Perhaps the easiest way to convince yourself of the O(n*lgn) running time is to run the algorithm on a sheet of paper. Consider what happens when n is 64. Then the outer loop variable k would take the following values:

1 2 4 8 16 32 64

The log_2(64) is 6, which is the number of terms above plus one. You can continue this line of reasoning to conclude that the outer loop will take O(lgn) running time.

The inner loop, which is completely independent of the outer loop, is O(n). Multiplying these two terms together yields O(lgn*n).

Answer 3

To add a bit of mathematical detail...

Let a be the number of times the outer loop for(k=1; k<=n; k*=2) runs. Then this loop will run 2^a times (Note the loop increment k*=2). So we have n = 2^a. Solve for a by taking base 2 log on both sides, then you will get a = log_2(n)

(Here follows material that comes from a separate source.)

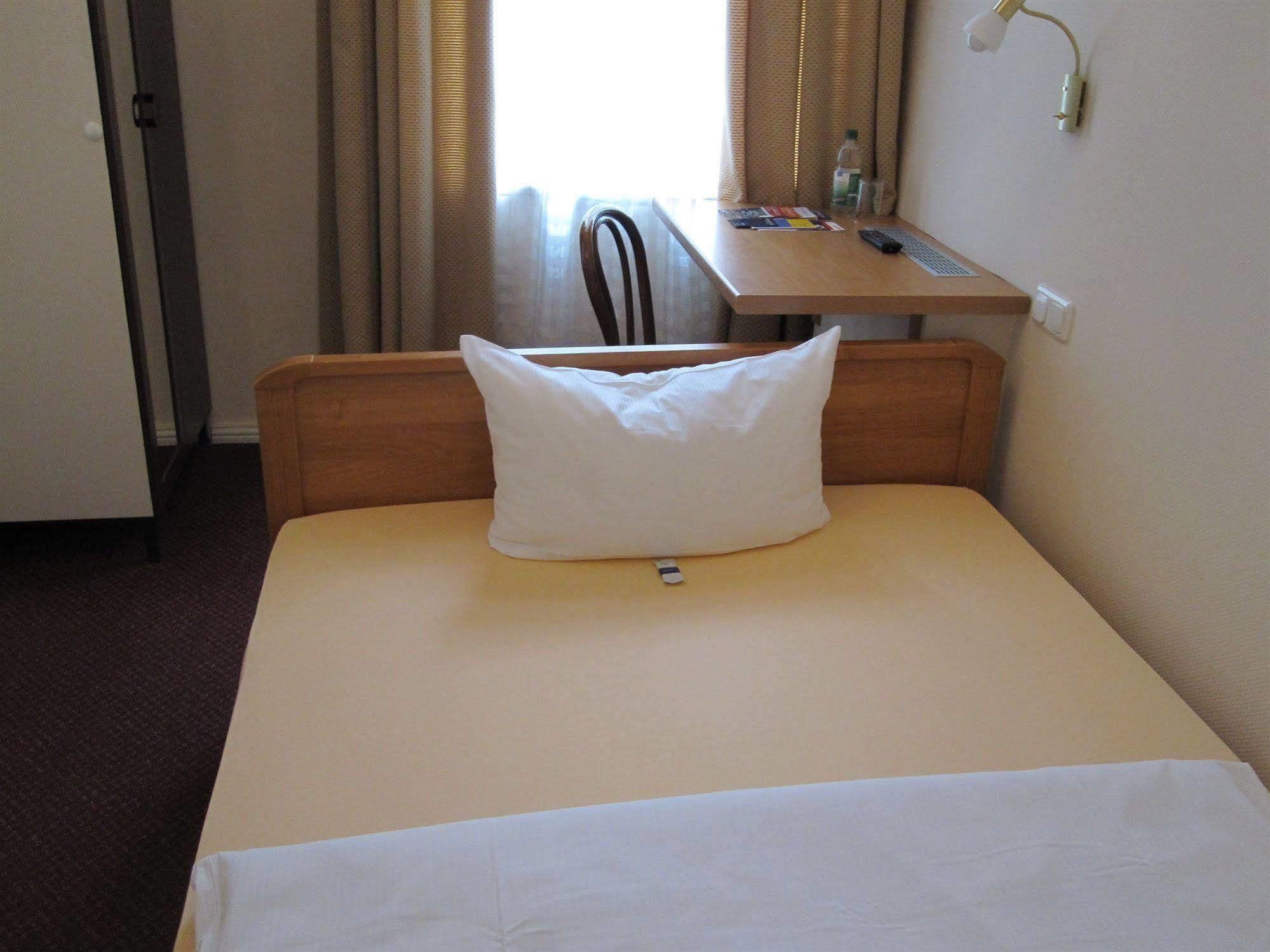 Hotel Pension Fasanenhaus Berlin Luaran gambar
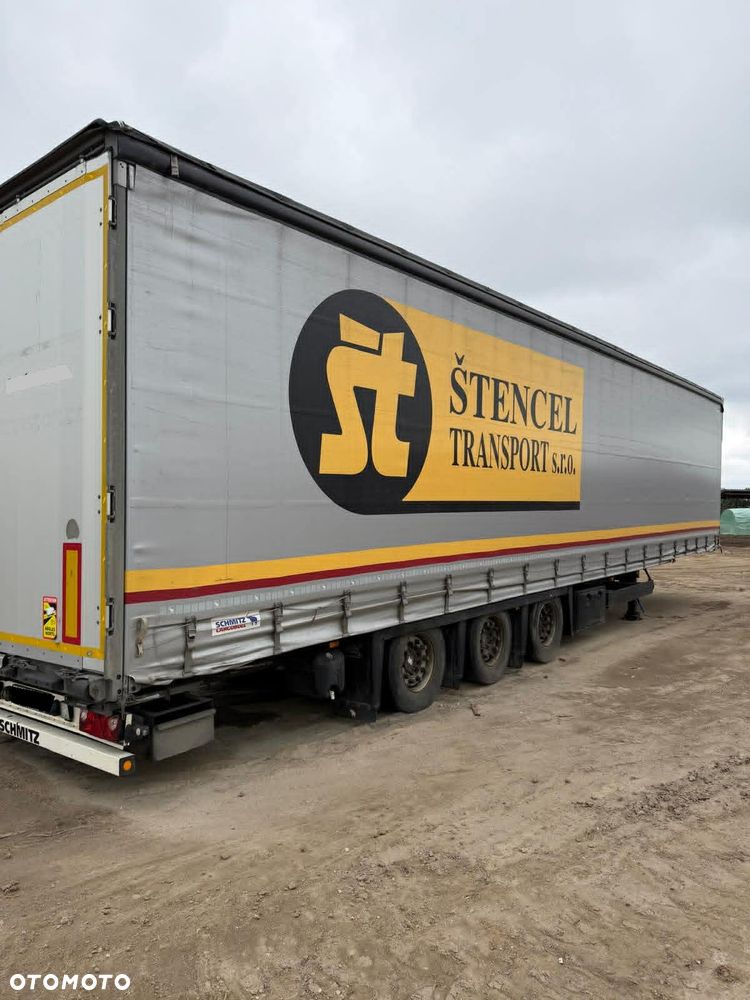 Schmitz Cargobull SCB * S3B - 3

Since the inner loop runs n times, total is O(nlog_2(n)).

Answer 4

In your first loop for(k=1; k<=n; k*=2), variable k reaches the value of n in log n steps since you're doubling the value in each step.

The second loop for(j=1; j<=n; j++) is just a linear cycle, so requires n steps.

Therefore, total time is O(nlogn) since the loops are nested.